[Data to process — start]
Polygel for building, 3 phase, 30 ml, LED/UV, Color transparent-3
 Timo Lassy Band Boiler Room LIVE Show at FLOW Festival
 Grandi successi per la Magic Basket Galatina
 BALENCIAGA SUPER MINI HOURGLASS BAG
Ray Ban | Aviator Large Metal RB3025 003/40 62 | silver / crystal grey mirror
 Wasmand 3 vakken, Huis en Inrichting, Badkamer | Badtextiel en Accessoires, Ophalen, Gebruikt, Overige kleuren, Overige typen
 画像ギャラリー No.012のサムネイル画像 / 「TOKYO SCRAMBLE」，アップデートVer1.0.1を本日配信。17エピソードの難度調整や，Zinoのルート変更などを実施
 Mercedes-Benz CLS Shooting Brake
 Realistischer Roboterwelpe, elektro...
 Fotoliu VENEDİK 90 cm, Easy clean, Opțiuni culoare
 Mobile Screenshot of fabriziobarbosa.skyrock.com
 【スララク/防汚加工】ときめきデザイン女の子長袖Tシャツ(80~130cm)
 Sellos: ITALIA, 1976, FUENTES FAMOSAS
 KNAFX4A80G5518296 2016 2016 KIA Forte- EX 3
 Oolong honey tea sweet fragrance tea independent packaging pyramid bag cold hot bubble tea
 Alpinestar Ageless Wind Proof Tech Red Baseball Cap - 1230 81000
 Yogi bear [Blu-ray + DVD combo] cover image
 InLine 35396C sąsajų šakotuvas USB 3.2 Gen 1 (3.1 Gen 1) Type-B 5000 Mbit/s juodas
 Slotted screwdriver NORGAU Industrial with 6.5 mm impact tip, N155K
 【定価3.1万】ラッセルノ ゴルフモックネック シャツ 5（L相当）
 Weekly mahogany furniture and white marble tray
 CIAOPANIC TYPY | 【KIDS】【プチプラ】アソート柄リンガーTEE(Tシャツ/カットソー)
[Data to process — finish]
Exercise requirements
Among the records above, repeat exactly the line with "Mercedes-Benz CLS Shooting Brake", the line with "Weekly mahogany furniture", and every line in between, and only those.

Output of the exercise
 Mercedes-Benz CLS Shooting Brake
 Realistischer Roboterwelpe, elektro...
 Fotoliu VENEDİK 90 cm, Easy clean, Opțiuni culoare
 Mobile Screenshot of fabriziobarbosa.skyrock.com
 【スララク/防汚加工】ときめきデザイン女の子長袖Tシャツ(80~130cm)
 Sellos: ITALIA, 1976, FUENTES FAMOSAS
 KNAFX4A80G5518296 2016 2016 KIA Forte- EX 3
 Oolong honey tea sweet fragrance tea independent packaging pyramid bag cold hot bubble tea
 Alpinestar Ageless Wind Proof Tech Red Baseball Cap - 1230 81000
 Yogi bear [Blu-ray + DVD combo] cover image
 InLine 35396C sąsajų šakotuvas USB 3.2 Gen 1 (3.1 Gen 1) Type-B 5000 Mbit/s juodas
 Slotted screwdriver NORGAU Industrial with 6.5 mm impact tip, N155K
 【定価3.1万】ラッセルノ ゴルフモックネック シャツ 5（L相当）
 Weekly mahogany furniture and white marble tray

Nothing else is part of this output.